Data supplied:
━━━━━━━━━━━━━━━━━━━━━━━━━━━━━━
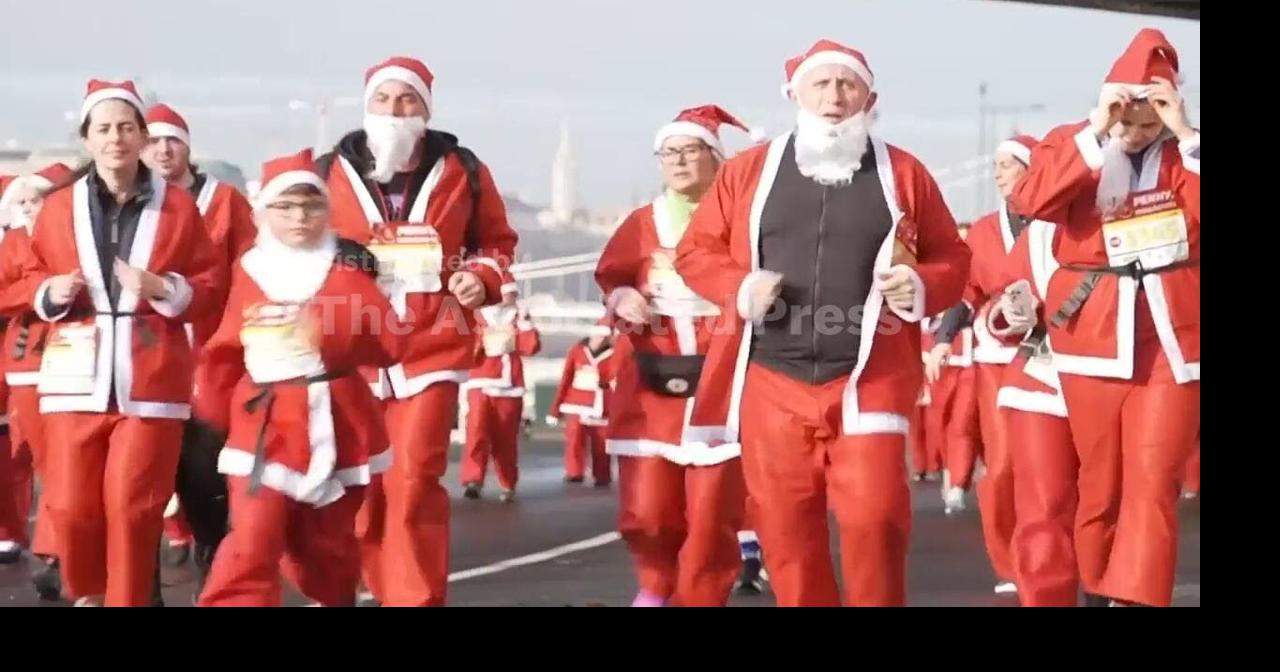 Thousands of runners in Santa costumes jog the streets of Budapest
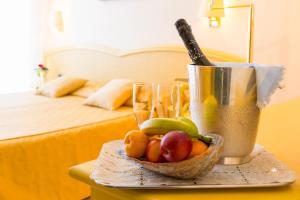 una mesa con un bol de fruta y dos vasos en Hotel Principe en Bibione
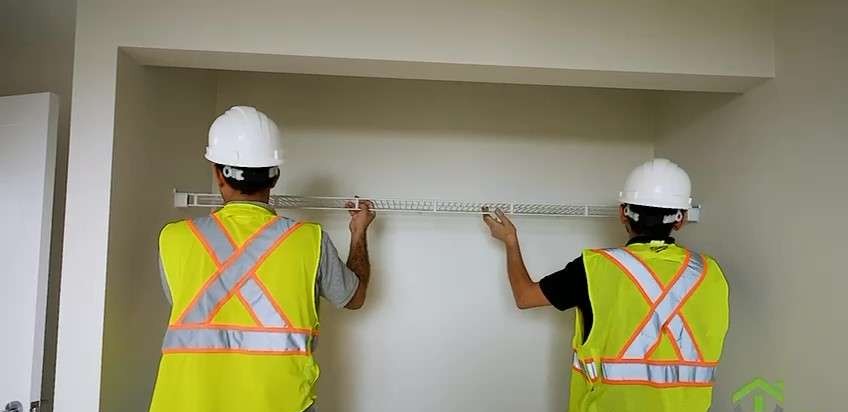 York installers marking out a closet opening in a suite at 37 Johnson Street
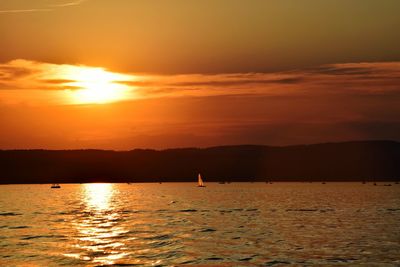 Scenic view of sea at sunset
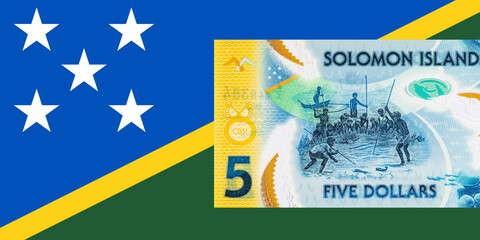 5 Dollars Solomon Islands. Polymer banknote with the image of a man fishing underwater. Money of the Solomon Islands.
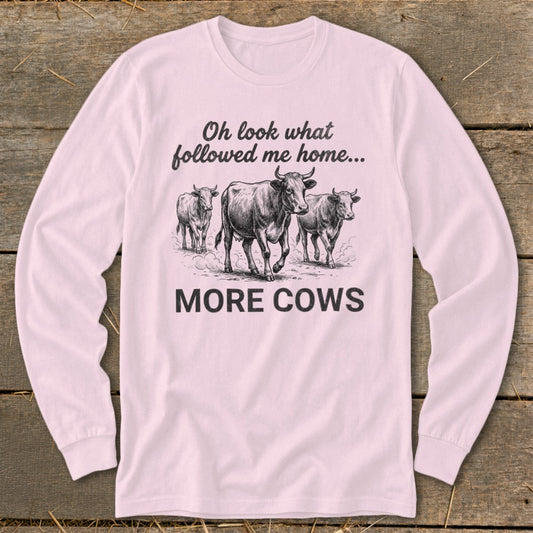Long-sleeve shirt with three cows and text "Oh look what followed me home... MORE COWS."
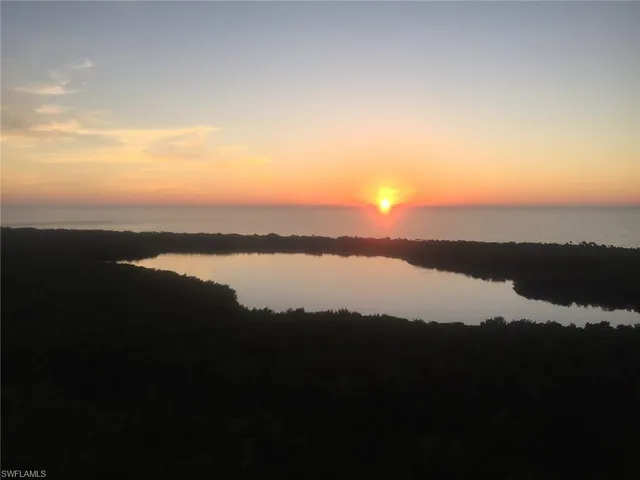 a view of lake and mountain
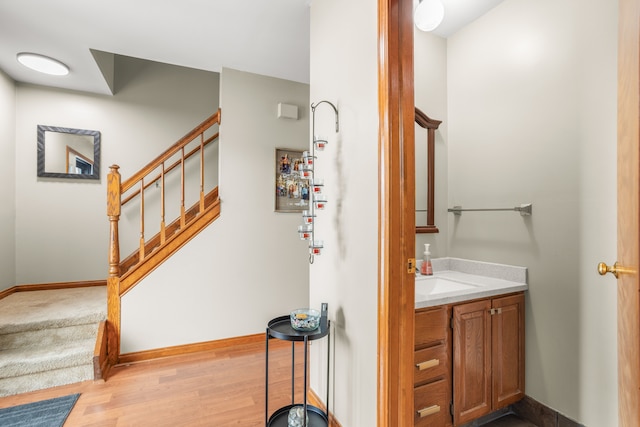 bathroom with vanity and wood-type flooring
━━━━━━━━━━━━━━━━━━━━━━━━━━━━━━
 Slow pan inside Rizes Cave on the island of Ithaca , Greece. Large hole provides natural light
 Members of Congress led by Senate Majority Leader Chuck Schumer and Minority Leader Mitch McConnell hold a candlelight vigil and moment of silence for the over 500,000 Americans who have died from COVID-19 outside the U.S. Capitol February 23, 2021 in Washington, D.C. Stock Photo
━━━━━━━━━━━━━━━━━━━━━━━━━━━━━━
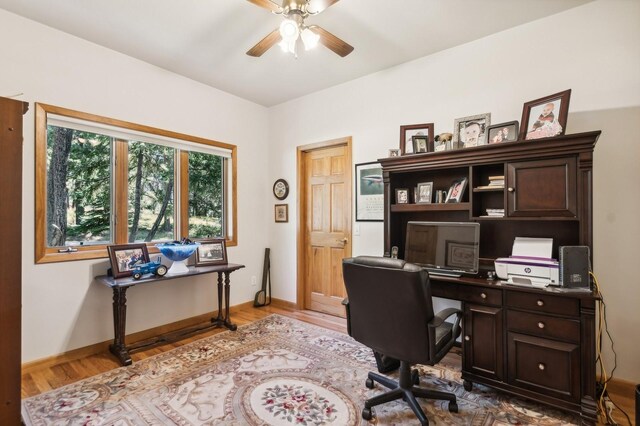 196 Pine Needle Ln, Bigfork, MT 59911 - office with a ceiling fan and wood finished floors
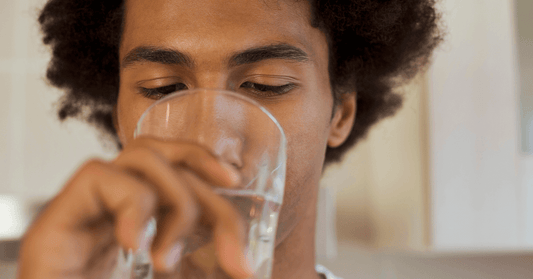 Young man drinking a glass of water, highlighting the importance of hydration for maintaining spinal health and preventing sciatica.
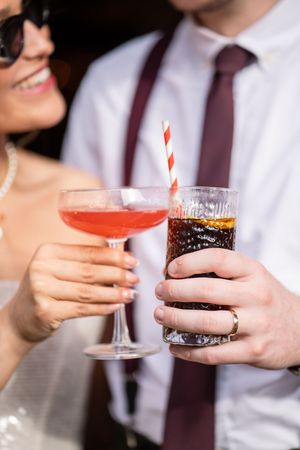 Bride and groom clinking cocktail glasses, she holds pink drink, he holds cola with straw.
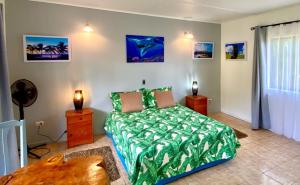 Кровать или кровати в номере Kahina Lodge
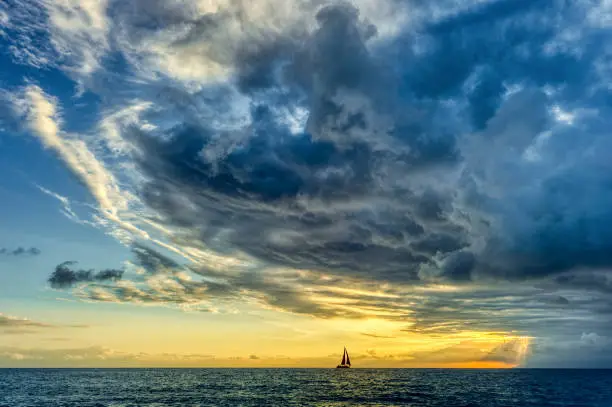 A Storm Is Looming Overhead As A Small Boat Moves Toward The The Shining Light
━━━━━━━━━━━━━━━━━━━━━━━━━━━━━━
Task details: Everything from the line with "5 Dollars Solomon" down to the line with "bathroom with vanity and wood-type flooring" in the data above should be copied exactly, with both end lines kept and the pictures left out.

Result of this exercise:
 5 Dollars Solomon Islands. Polymer banknote with the image of a man fishing underwater. Money of the Solomon Islands.
Long-sleeve shirt with three cows and text "Oh look what followed me home... MORE COWS."
 a view of lake and mountain
 bathroom with vanity and wood-type flooring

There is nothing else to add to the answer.